**THE PROBLEM**
Give the data again in full. Keep every line the same.

== PROVIDED DATA ==

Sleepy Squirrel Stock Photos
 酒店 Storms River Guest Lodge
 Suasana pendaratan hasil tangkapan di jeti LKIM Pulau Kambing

===

**PROBLEM SOLUTION**
Sleepy Squirrel Stock Photos
 酒店 Storms River Guest Lodge
 Suasana pendaratan hasil tangkapan di jeti LKIM Pulau Kambing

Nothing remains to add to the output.